三菱自動車の燃費データ不正問題で、同社に開発部門とは別の品質検査部門があったにもかかわらず、燃費試験用データをめぐる不正をチェックできなかったことが25日、関係者の話で分かった。両部門で品質検査のダブルチェック体制を敷いていたが、どちらも機能しなかった格好だ。
関係者によると、三菱自動車では、新型車開発時の機能調整は開発本部内の性能実験部で行うが、品質検査は同本部内の別の部と、品質を確認する別の本部内でそれぞれ実施している。
同社は、燃費試験用データの測定を道路運送車両法とは異なる方法で実施した上で、燃費を良く見せかけるために不正に操作していた。しかし両本部ともに発見できておらず、同社のコンプライアンス(法令順守)の低さが浮き彫りになった。
同社のデータ測定方法は、米国の法令で定められた方法をアレンジしたもので、社内評価用にも使用している。対象は、平成14年以降に国土交通省に登録され、国内で生産・販売された27車種にのぼり、販売台数は200万台を超える。

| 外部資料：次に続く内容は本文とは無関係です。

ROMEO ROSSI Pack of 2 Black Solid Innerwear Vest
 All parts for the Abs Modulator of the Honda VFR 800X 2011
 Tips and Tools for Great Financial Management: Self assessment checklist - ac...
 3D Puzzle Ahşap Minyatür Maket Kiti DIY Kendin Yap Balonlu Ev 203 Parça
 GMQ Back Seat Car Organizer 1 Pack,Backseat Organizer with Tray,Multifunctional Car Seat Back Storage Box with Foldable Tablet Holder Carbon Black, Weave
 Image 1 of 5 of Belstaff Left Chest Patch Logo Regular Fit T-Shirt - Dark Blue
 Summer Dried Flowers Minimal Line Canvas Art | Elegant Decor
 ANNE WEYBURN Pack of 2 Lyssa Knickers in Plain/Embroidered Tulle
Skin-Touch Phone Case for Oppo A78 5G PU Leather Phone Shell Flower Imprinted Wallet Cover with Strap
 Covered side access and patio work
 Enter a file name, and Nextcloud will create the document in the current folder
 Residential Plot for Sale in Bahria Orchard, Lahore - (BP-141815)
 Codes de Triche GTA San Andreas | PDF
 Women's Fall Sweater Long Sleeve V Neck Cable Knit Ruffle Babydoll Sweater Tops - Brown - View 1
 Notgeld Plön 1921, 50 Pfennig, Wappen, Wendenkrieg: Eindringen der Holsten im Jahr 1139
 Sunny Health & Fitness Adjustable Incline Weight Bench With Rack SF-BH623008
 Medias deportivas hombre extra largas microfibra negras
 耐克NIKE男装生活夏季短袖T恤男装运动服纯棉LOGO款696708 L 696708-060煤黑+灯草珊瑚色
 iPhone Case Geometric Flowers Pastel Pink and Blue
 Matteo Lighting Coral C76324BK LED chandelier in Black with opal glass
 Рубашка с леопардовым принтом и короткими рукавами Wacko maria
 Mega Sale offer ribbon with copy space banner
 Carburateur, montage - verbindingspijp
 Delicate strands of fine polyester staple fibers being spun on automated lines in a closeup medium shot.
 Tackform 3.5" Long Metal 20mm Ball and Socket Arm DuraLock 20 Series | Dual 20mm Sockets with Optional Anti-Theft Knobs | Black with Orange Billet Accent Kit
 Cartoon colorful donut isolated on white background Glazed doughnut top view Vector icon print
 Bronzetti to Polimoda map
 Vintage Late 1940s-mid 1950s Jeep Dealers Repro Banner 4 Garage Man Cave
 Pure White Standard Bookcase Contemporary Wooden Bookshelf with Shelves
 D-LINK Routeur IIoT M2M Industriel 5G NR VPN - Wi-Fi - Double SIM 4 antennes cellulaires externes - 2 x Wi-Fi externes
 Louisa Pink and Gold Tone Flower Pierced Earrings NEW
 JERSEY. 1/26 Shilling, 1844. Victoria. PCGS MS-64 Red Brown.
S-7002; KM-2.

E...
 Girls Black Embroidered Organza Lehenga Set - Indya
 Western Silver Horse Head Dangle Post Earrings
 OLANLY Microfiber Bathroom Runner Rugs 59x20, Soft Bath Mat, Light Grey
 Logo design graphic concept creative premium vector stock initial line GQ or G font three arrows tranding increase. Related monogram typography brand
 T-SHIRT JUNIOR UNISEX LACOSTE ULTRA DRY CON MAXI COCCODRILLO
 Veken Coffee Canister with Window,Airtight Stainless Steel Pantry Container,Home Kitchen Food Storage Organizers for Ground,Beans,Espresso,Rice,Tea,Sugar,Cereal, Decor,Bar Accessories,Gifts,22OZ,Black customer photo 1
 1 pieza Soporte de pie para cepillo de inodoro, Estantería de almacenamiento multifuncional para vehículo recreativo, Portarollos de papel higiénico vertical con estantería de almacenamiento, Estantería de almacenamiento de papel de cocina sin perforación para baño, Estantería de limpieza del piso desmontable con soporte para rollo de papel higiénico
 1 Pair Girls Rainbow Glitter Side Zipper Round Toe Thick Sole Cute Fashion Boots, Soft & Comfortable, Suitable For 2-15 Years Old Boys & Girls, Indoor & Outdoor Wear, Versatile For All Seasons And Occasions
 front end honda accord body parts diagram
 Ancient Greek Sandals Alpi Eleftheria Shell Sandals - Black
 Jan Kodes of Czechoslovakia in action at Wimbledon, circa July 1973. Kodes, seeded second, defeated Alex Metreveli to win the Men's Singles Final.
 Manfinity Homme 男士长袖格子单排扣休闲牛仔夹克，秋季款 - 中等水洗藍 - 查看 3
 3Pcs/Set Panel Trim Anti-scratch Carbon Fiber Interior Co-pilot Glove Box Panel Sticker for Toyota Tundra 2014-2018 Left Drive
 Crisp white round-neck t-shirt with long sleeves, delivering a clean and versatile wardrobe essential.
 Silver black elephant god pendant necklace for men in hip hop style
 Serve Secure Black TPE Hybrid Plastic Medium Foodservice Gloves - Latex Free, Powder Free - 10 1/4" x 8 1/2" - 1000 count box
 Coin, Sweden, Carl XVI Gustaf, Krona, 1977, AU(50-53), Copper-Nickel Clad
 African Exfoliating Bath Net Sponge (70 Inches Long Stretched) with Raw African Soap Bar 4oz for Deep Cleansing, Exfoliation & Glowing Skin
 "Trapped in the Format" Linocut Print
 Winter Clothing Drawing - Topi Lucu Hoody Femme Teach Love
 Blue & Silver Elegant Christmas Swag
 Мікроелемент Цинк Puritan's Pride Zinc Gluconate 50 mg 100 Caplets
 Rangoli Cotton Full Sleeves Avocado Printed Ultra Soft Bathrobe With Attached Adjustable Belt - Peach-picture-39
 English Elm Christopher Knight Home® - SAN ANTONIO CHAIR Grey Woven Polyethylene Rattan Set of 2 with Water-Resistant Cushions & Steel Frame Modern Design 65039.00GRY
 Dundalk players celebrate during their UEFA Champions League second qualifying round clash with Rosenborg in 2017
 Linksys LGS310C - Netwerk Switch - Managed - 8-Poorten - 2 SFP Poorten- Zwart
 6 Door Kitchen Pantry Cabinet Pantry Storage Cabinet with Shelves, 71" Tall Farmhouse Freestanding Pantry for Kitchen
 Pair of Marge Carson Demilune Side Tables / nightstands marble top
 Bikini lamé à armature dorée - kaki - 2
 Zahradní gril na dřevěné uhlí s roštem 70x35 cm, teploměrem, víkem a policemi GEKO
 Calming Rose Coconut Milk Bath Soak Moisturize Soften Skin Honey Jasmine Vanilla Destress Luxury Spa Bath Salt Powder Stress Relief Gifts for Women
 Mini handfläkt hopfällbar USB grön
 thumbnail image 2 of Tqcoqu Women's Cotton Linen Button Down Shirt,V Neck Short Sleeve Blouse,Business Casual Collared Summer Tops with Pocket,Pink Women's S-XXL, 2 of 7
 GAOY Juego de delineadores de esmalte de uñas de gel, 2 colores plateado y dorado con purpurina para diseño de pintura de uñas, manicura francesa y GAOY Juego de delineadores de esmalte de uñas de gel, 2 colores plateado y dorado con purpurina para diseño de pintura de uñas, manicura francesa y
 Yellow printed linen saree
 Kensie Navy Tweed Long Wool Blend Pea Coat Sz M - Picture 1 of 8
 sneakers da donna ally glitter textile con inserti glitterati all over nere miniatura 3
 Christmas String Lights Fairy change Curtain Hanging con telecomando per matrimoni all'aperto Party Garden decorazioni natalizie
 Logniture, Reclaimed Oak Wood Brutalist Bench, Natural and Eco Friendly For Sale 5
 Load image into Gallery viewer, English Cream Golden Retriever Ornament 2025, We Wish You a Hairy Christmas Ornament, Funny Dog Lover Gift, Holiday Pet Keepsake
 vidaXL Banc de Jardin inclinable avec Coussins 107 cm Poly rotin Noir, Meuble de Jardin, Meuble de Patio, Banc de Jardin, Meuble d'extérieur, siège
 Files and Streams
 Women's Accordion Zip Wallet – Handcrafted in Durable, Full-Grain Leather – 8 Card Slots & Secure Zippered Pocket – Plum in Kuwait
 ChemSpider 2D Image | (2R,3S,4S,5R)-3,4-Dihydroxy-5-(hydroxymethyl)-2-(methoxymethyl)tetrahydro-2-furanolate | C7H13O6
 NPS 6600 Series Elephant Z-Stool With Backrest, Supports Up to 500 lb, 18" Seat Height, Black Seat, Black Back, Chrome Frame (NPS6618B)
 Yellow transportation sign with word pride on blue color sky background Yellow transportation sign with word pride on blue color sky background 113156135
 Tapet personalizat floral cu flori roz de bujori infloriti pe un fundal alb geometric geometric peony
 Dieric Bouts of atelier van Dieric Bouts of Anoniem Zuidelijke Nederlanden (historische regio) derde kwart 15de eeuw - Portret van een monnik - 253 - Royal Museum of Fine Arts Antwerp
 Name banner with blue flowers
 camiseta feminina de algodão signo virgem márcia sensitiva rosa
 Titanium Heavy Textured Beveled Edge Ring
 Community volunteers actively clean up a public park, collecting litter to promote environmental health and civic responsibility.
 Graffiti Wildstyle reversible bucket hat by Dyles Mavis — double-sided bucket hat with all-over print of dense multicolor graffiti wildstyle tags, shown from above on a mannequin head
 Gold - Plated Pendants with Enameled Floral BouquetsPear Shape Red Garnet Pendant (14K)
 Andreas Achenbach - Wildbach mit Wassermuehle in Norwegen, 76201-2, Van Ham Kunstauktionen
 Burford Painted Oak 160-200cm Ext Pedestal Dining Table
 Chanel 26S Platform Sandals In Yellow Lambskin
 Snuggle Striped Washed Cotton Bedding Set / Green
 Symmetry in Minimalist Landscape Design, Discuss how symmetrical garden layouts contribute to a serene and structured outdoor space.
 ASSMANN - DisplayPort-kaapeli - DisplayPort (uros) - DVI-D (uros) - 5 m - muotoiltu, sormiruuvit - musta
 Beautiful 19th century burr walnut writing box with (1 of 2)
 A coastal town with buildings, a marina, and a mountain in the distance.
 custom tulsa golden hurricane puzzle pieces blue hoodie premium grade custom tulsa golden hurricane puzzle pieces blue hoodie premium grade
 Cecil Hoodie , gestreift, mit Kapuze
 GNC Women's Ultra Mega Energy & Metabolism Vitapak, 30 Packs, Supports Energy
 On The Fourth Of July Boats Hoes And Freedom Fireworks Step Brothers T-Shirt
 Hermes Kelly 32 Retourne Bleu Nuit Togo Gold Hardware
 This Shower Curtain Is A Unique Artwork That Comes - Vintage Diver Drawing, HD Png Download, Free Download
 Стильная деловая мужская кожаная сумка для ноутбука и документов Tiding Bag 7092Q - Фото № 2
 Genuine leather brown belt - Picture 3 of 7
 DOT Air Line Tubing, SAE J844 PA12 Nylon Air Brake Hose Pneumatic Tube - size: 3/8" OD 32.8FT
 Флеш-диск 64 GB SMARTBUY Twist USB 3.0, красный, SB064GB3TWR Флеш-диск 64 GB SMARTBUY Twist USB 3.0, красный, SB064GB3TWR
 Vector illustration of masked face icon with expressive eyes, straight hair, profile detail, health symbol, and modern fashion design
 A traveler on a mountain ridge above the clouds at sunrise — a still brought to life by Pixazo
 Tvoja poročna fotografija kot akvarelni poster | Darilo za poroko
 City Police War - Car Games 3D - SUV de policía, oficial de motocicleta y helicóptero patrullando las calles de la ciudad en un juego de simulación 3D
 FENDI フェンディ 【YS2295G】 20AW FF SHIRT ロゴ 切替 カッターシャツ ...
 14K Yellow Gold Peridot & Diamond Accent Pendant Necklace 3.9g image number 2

国内の多くの軽自動車メーカーでも、不正防止策として同様に開発部門と品質検査部門を分離。マツダやホンダなどでも別部門とし、独立性を担保しているという。各社は国交省から、同様の不正がないかを5月18日までに報告するよう指示されており、確認作業を進めている。一方、三菱自動車は26日にも国交省に改めてデータ不正の詳細などについて報告する方針だ。